** Records provided **
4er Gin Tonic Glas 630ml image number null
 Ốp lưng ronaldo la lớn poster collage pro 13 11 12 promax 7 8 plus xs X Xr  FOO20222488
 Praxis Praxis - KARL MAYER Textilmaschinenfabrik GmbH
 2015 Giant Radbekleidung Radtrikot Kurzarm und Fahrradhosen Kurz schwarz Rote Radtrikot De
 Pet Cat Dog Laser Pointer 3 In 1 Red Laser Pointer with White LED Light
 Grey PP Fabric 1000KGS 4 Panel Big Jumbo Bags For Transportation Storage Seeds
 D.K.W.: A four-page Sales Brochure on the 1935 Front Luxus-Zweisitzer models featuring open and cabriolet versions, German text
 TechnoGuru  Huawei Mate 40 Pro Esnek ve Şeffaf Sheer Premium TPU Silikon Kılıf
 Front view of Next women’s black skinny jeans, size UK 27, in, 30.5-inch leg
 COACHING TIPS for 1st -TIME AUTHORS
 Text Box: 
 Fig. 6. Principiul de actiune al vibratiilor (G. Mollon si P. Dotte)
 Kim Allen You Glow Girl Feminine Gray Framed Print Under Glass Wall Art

** What needs to be done **
Transcribe exactly, and only, the lines that extend from the one containing "TPU Silikon Kılıf" to the end of the records above, inclusive of both.

** Problem solution **
 TechnoGuru  Huawei Mate 40 Pro Esnek ve Şeffaf Sheer Premium TPU Silikon Kılıf
 Front view of Next women’s black skinny jeans, size UK 27, in, 30.5-inch leg
 COACHING TIPS for 1st -TIME AUTHORS
 Text Box: 
 Fig. 6. Principiul de actiune al vibratiilor (G. Mollon si P. Dotte)
 Kim Allen You Glow Girl Feminine Gray Framed Print Under Glass Wall Art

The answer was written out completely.